Fernández encara este desafío con una Argentina cuyos recursos económicos, sanitarios y científicos se encuentra diezmados por el macrismo. Para imaginar la catástrofe nacional que le hubiera esperado al país de prolongarse el martirio macrista, sólo hace falta ver la miopía criminal que sus pares en el continente y en el mundo -Bolsonaro, Trump, Johnson- están aplicando en sus propios países.
Se trata ya no sólo del desprecio por el otro sino de una mezcla patética de ignorancia, prepotencia y estupidez.
Pero esta vez ha quedado claro: los que insisten en creer de que la ciencia es una tontería, la tierra es plana y el universo gira alrededor, más tarde o más temprano sólo podrían llevar el país a la ruina.

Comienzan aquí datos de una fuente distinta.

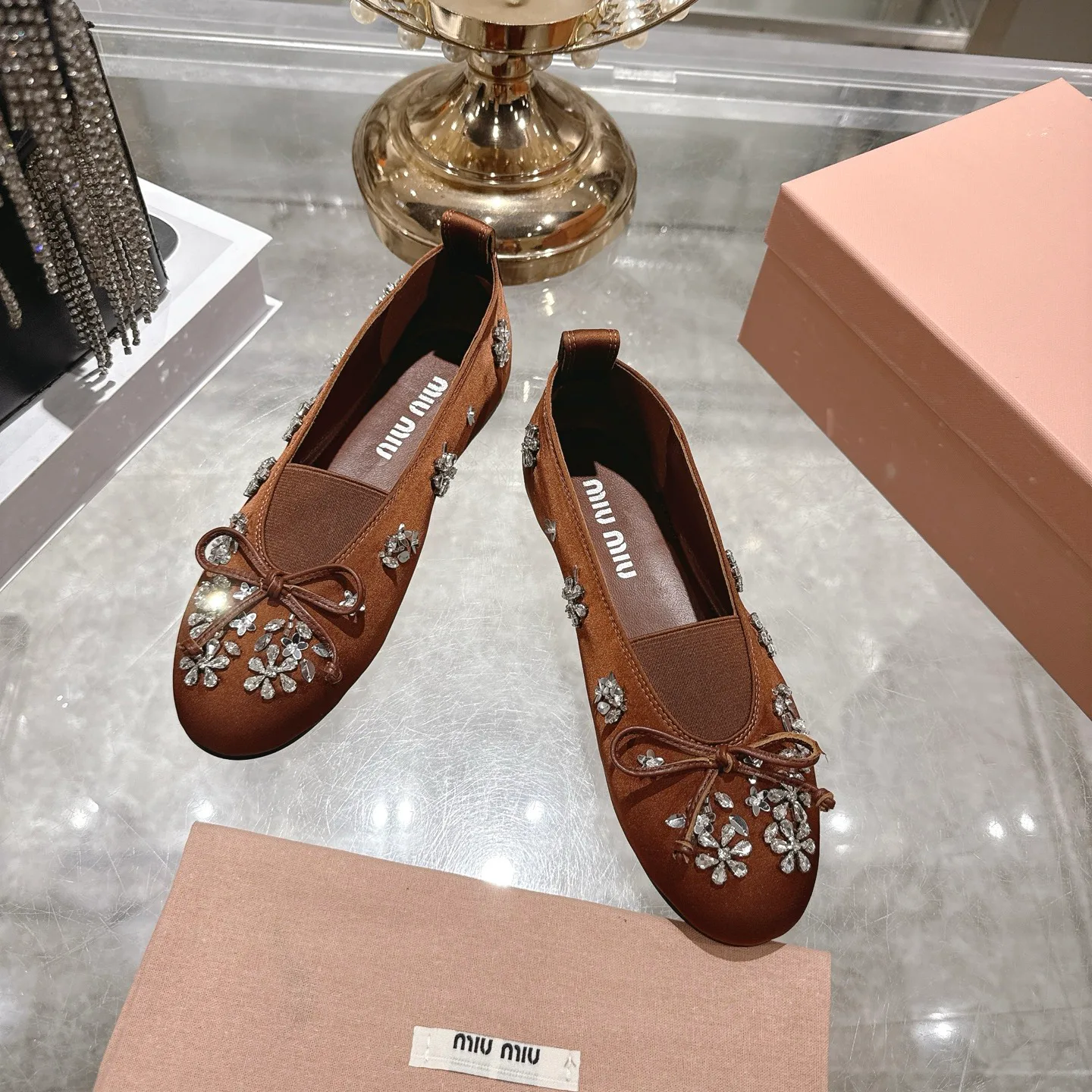 Балетки Женские Miu Miu 1590580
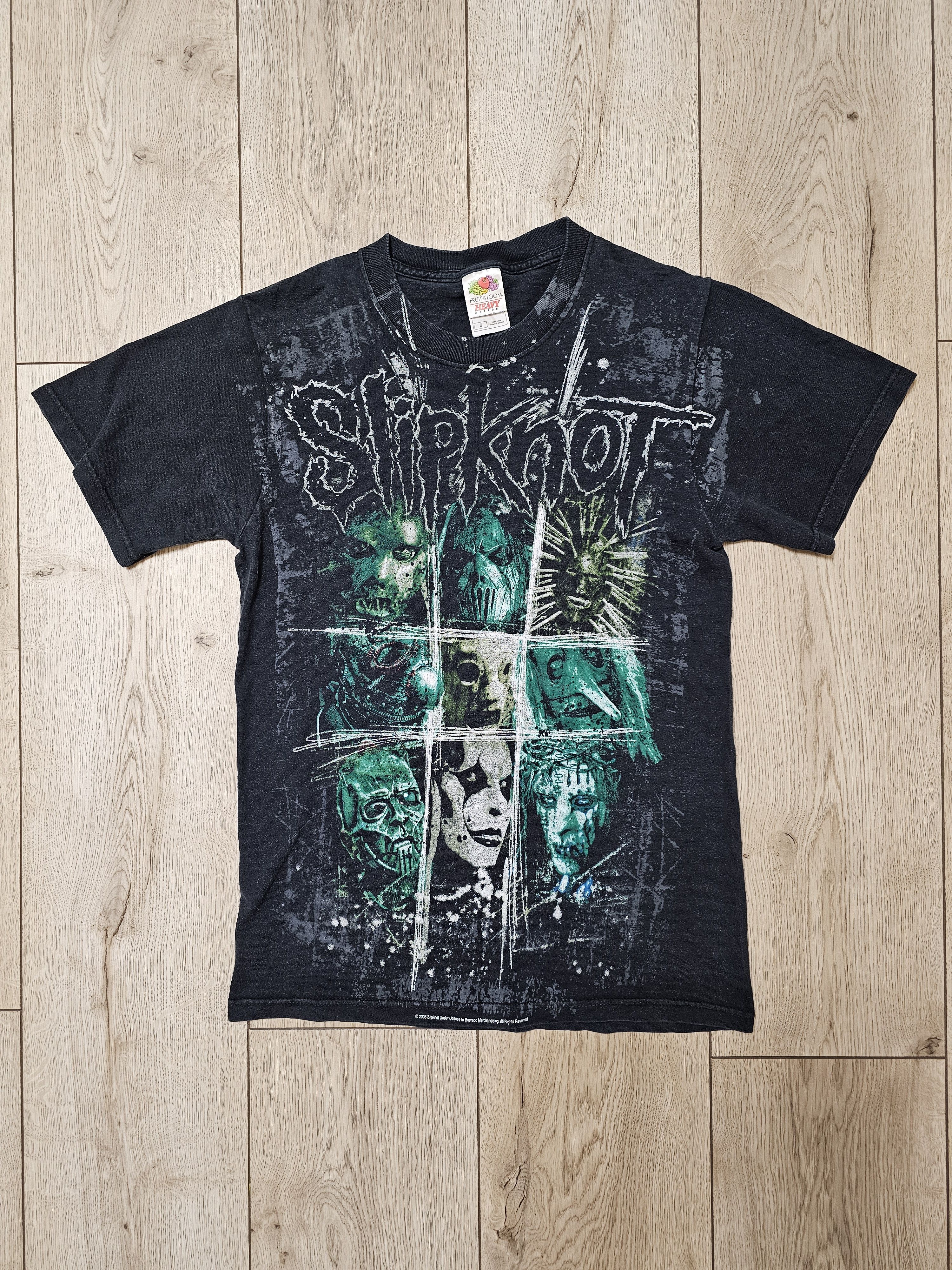 Slipknot × Vintage SLIPKNOT 2008 SHIRT SLIPKNOT JERSEY VINTAGE RARE SHIRT MEN Size US XS / EU 42 / 0 - 1 Thumbnail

Por el contrario, en esta coyuntura mundial impensada ha quedado demostrado también que los países altamente organizados socialmente, donde el Estado cumple cabalmente con su función y prima el interés colectivo por encima de cualquier “salvación individual” -China, Cuba, Corea-, son los más aptos para resolver cualquier crisis que se presente.
Más aún, sólo un modelo que valore adecuadamente del rol del Estado, que aliente la solidaridad, distribuya la riqueza armónicamente y preserve la naturaleza del daño incalculable -acaso irreparable- que el individualismo capitalista le ocasiona, puede ofrecer un futuro deseable para todos.
Cuando la crisis haya pasado y otra vez un manto de tiniebla tienda a cubrir la realidad, cuando los poderosos y los desprevenidos pretendan que nada ha pasado y la complicidad de los medios de comunicación vuelva a derramar su cuota de amnesia sobre las conciencias, habrá que tener muy presente lo ocurrido.